Часть представленной критики относительно опыта или значения субъективности основывается на определенной подмене. Если исключить те работы по истории, например, менталитета, которые относятся к источникам памяти некритично, недифференцированно, с наивной верой в их правдивость, то останутся работы, обращающиеся к исследованию субъективности в истории и нуждающиеся именно в тех источниках, которые могут опосредовать эту субъективность. Выбранный метод исследования должен соответствовать его предмету. В таком случае те, кто критикует субъективность источников, должны в действительности критиковать не источник, а постановку вопроса. Кроме того, многие пункты критики, которые направлены против субъективных источников, можно адресовать любому другому источнику, особенно официальным документам, которые разработаны субъектами социальных институтов со специфическими интересами. Очевидно, что здесь мы выходим за рамки собственно истории и конкурирующих внутри нее парадигм, ведь то, что ограничивает политическая культура, позднейшая история утрачивает, если она пренебрегает субъективным опытом и проработкой истории. Политика открывающихся на краткий период архивов эпохи гласности, остроумно названной немцами Milchglasnost (симулякр из гласности и молочного стекла), манипуляции со спецхраном, коллективные мероприятия к юбилеям, прокатывающиеся волны мемуарного освоения ушедших событий – все эти сюжеты говорят о том, что коллективная память общества пульсирует в регулируемом политической задачей ритме.

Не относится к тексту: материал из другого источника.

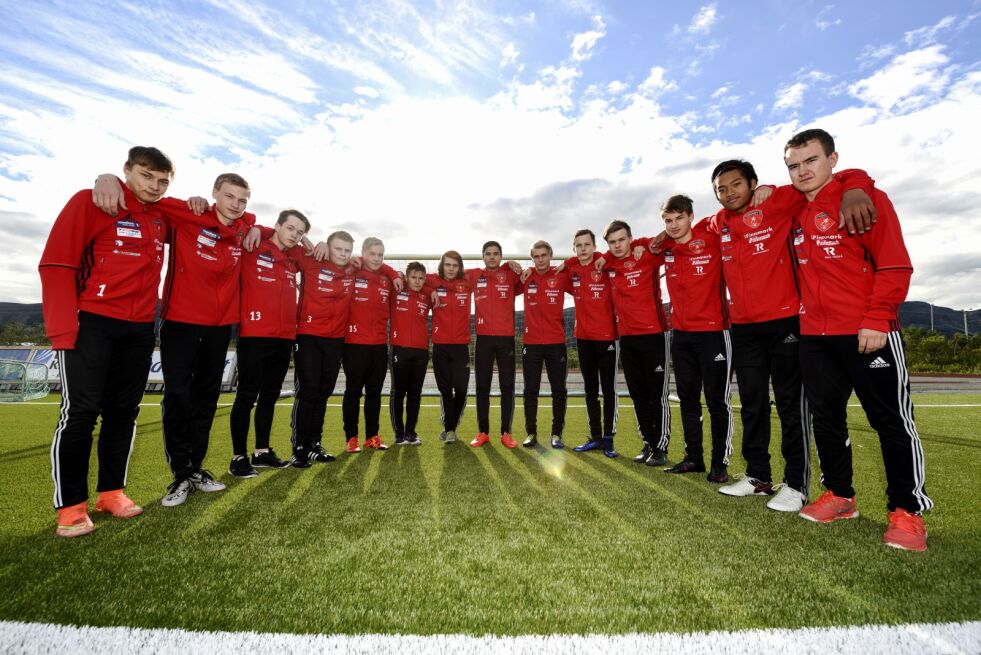 Tor Agnar Olli, Nikolai Johansen, Nils Thomas Aronsen, Brede Isaksen, Sander Larsen, Tobias Eideng Hansen, Runar Rasmussen, Tage Høybakken, Bernhard Leinan Mathiesen, Viktor Hansen, Haakon Hansen Aas, Hauk Straumsnes, Key Persen og Håvard Mikalsen er klar for å gi alt under Norway Cup. Eirik Amundsen, Håvard Johansen, Jøte Masternes og Sindre Vonheim var ikke til stede under treningen.
Foto: Sigurd Schanke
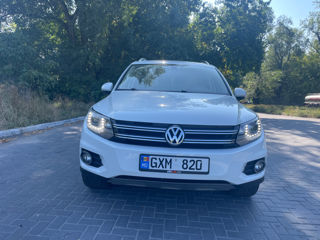 Volkswagen Tiguan foto 1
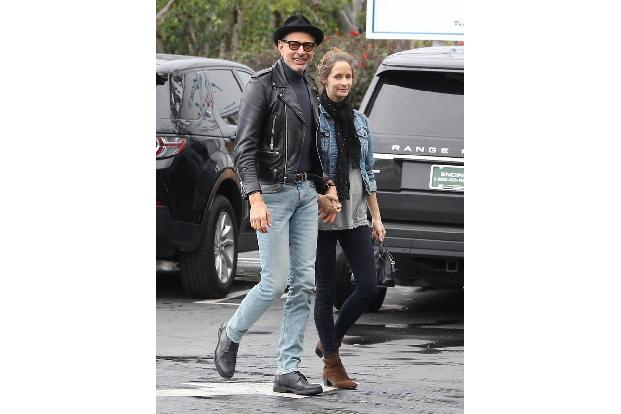 ...kommen auch bei Jeff Goldblum auf, denn seine Frau Emilie Livingston ist schwanger. Mit 64 wird der Hollywoodstar also zu...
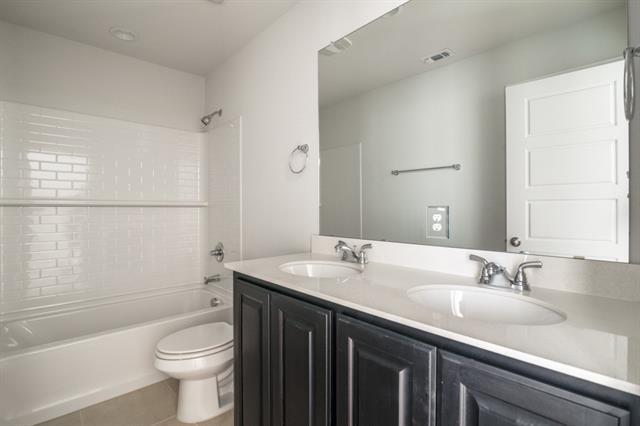 Building Photo - 3206 Cumby Dr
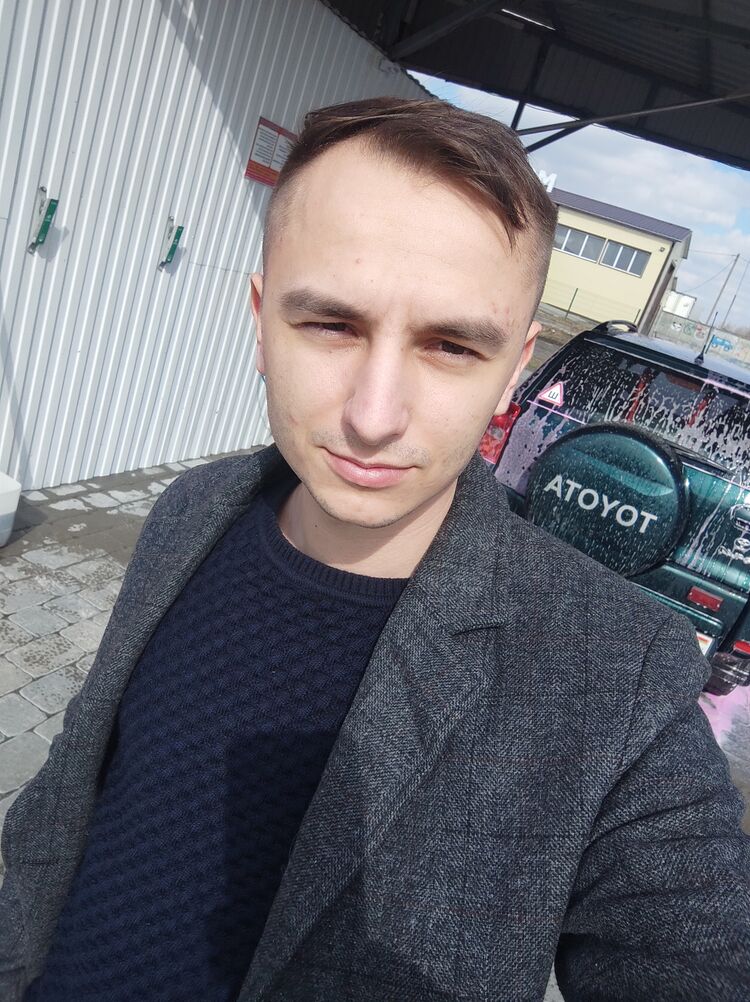  37152248  , 28 ,    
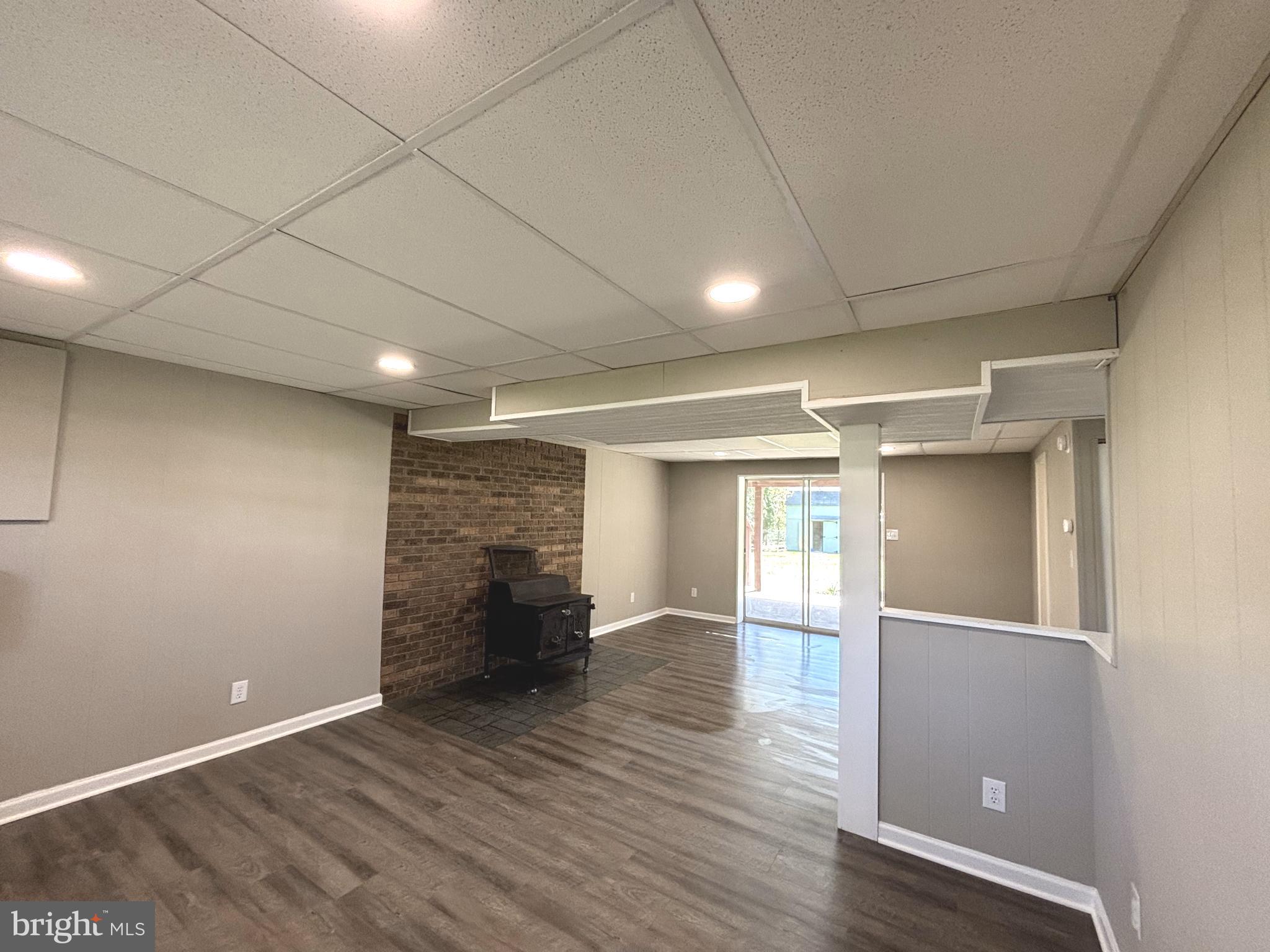 FAIRVIEW - Residential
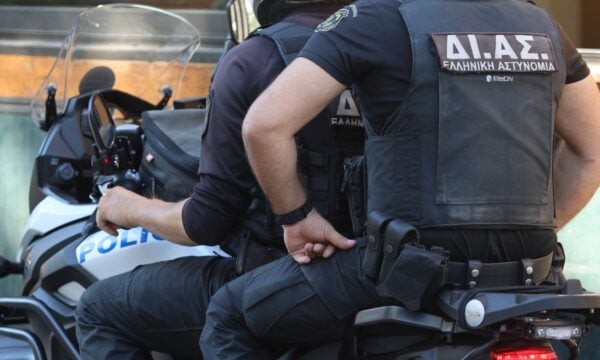Πάτρα: Άνδρας μπούκαρε στο σπίτι της ηλικιωμένης μητέρας του και την περιέλουσε με οινόπνευμα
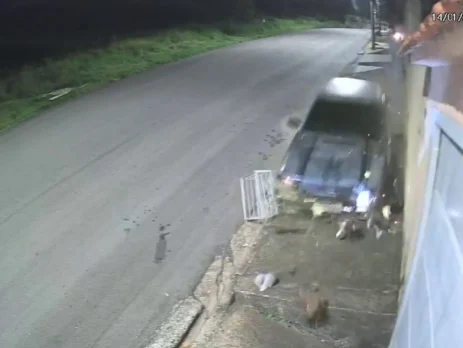 VÍDEO: Jovens colidem veículo em muro de residência e fogem do local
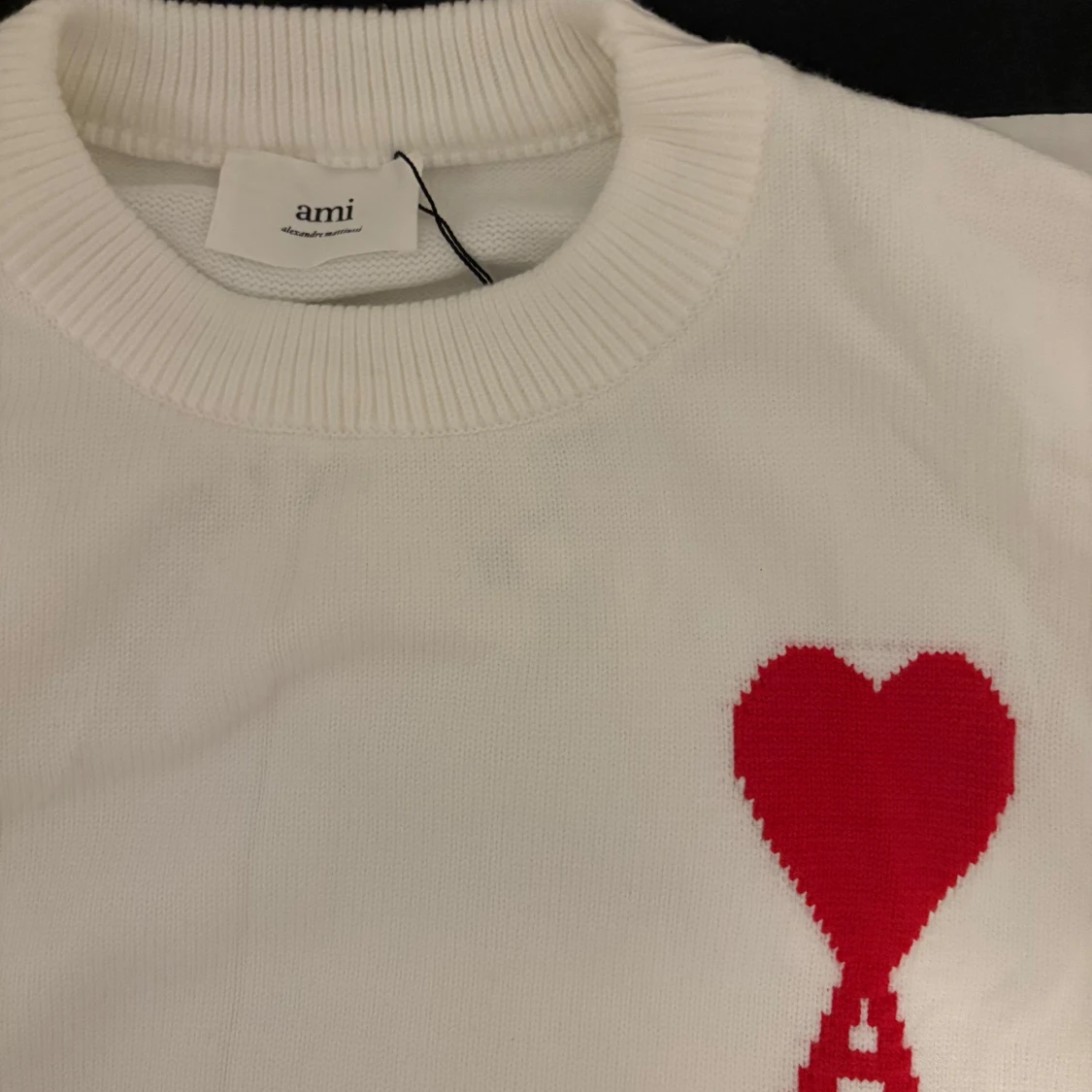 Vit stickad tröja från Ami Paris med rött hjärta - 2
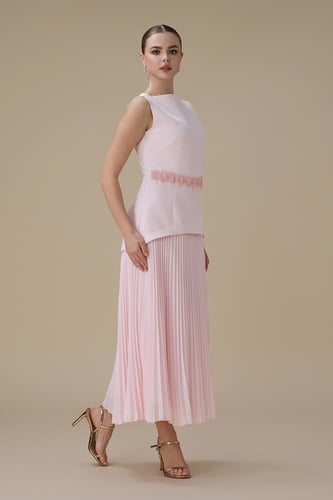 فستان ماكسي وردي فاتح بتنورة بليسيه وتفاصيل خرزية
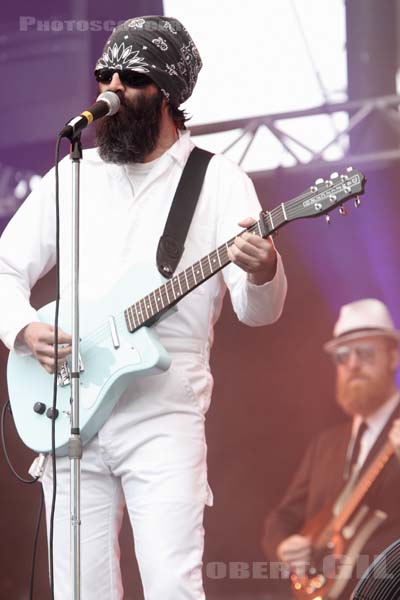 EELS - 2010-08-29 - SAINT CLOUD - Domaine National - Grande Scene - Mark Oliver Everett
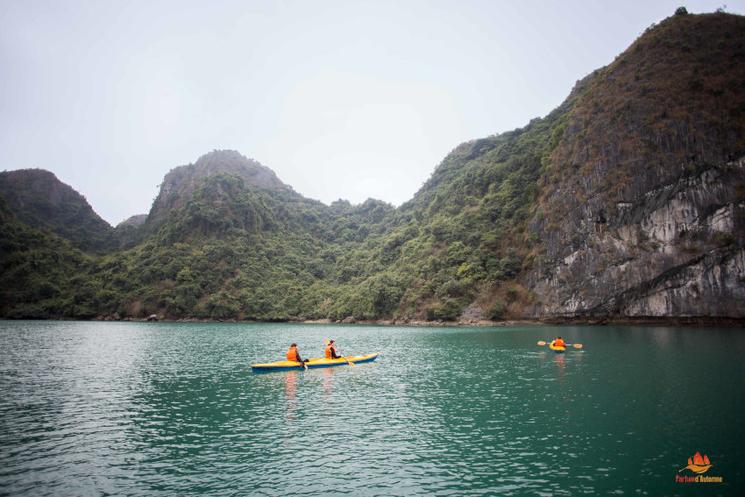 Activité : visite en canoë Kayak dans la baie de Lan Ha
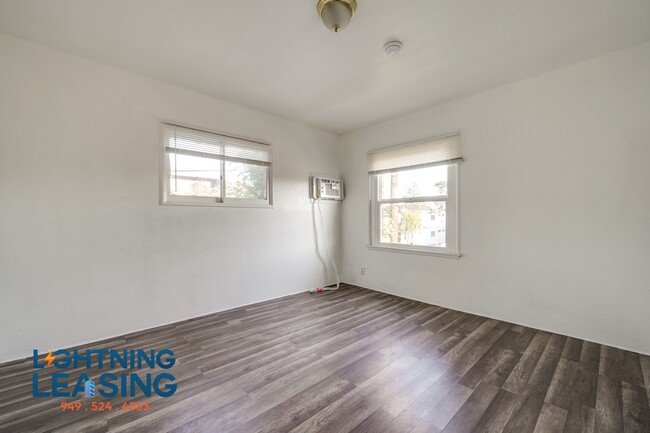 Foto del edificio - 14759 1/2 Vanowen-4B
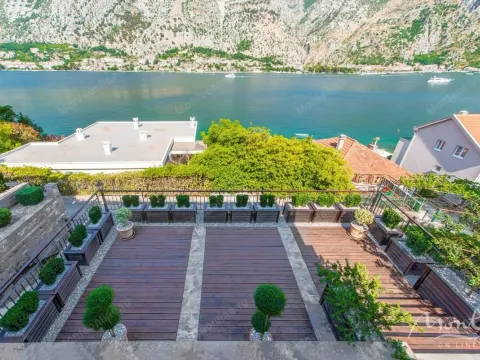 Sale, two bedroom apartment, 174m², Muo, Kotor - image 14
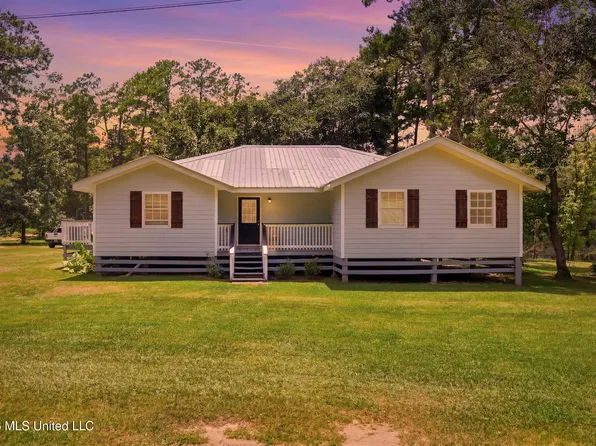 26 2nd St, Poplarville, MS 39470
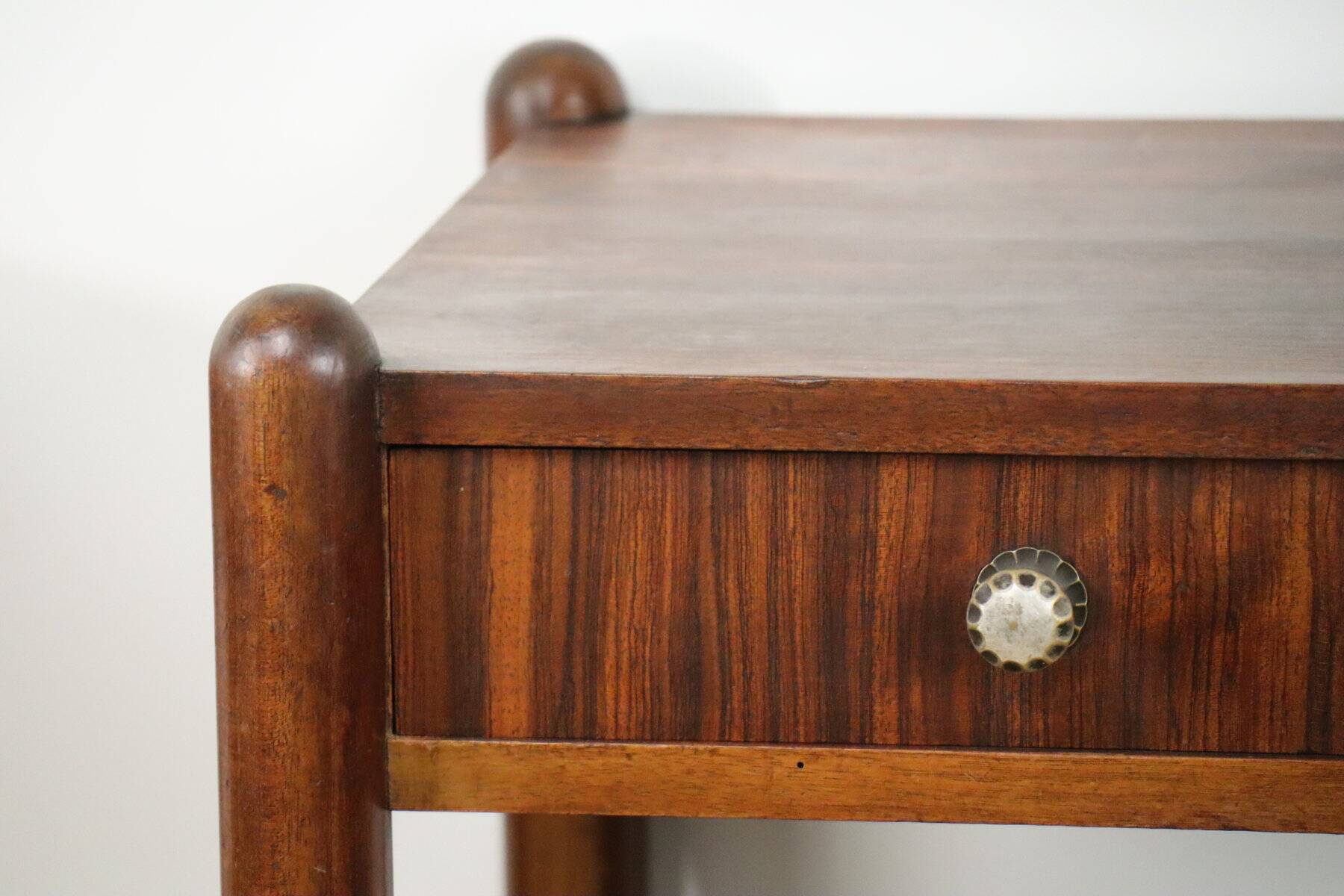 Art Deco pair of nightstands in walnut – 1940s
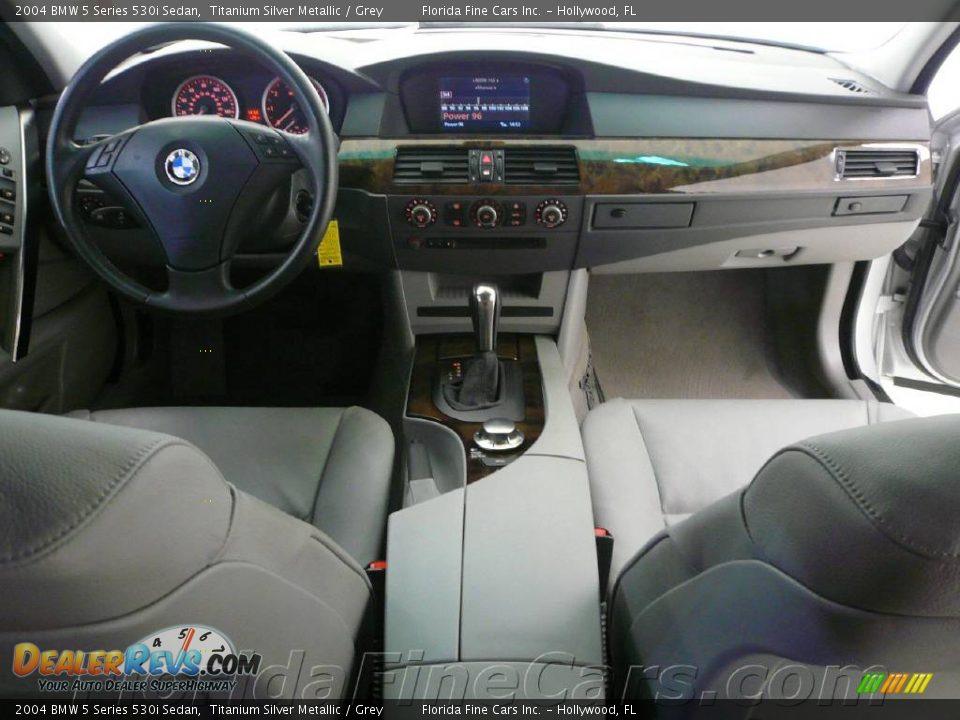 2004 BMW 5 Series 530i Sedan Titanium Silver Metallic / Grey Photo #16
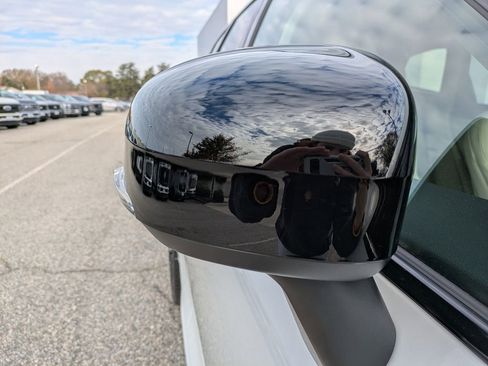 New 2026 Volvo XC60 B5 Ultra w/ Protection Package Premier image 12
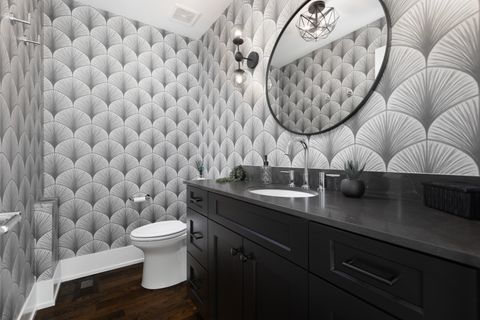 Tiny photo for 912 E Chicago Avenue, Naperville, IL 60540 (MLS # 12483190)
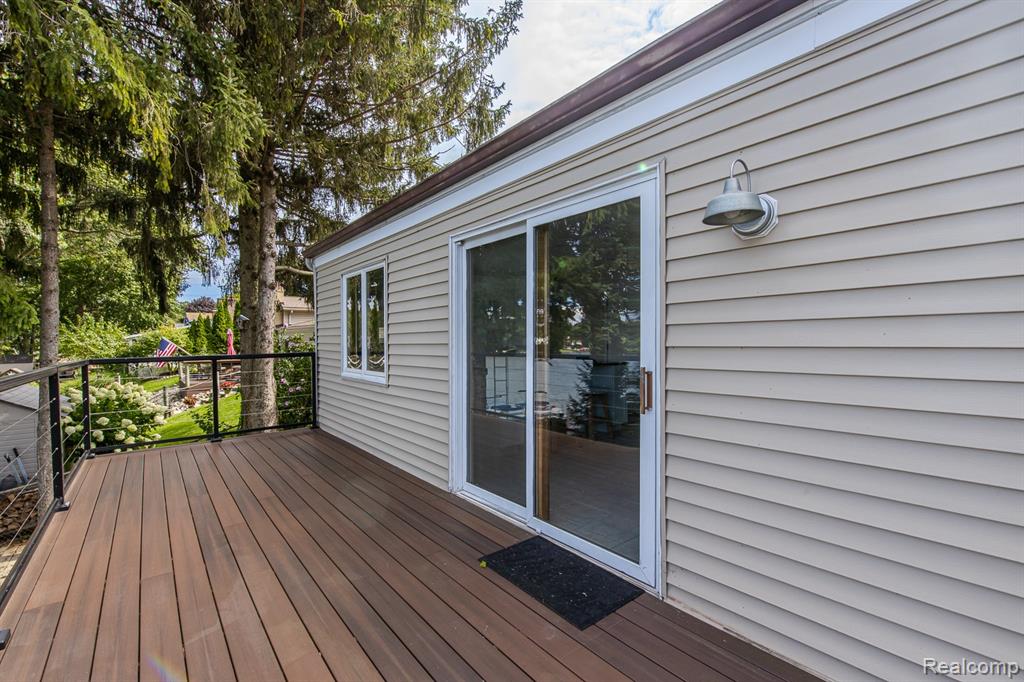 5914 Pleasant Drive, Waterford, MI 48329 — Photo 40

Другая фундаментальная критика, которая хотя и принимает воспоминания в качестве исторического источника, но при этом основательно их критикует, рассматривая сегодняшние опросы, как, например, интервью (устные истории жизни), в качестве артефактов. Этот упрек-артефакт связан с представлением об Устной истории как о транслирующей рассказанный в современности образ пережитой истории, причем связь с реальностью отвергается или считается принципиально непознаваемой. Эта критика кажется основательнее, поскольку каждое биографическое интервью, каждый устно-исторический опрос свидетелей являются артефактами в смысле вновь созданных источников. Из мэтров, озвучивших эту скептическую позицию, выделяется П.Бурдье с его известной работой «Биографическая иллюзия». Он писал: «Попытаться понять жизнь как уникальную и самодостаточную серию последовательных событий, не имеющих других связей кроме как ассоциирования с неким «объектом», обладающим единой константой в виде имени собственного, почти так же абсурдно, как придать смысл поездке в метро, не приняв во внимание его схему, другими словами, матрицу объективных отношений между различными станциями. События биографии определяются количеством вложений и перемещений в социальном пространстве, т. е., точнее, в различных последовательных состояниях структуры распределения различных видов капитала, которые задействованы в рассматриваемой сфере. Смысл движений, переводящих из одного состояния в другое (с одной должности на другую, от одного издателя к другому, из одной епархии в другую), определяется со всей очевидностью через объективное отношение смысла и ценности в момент времени, рассматриваемый с этих позиций внутри направленного пространства» [Бурдье, 2002, с. 80].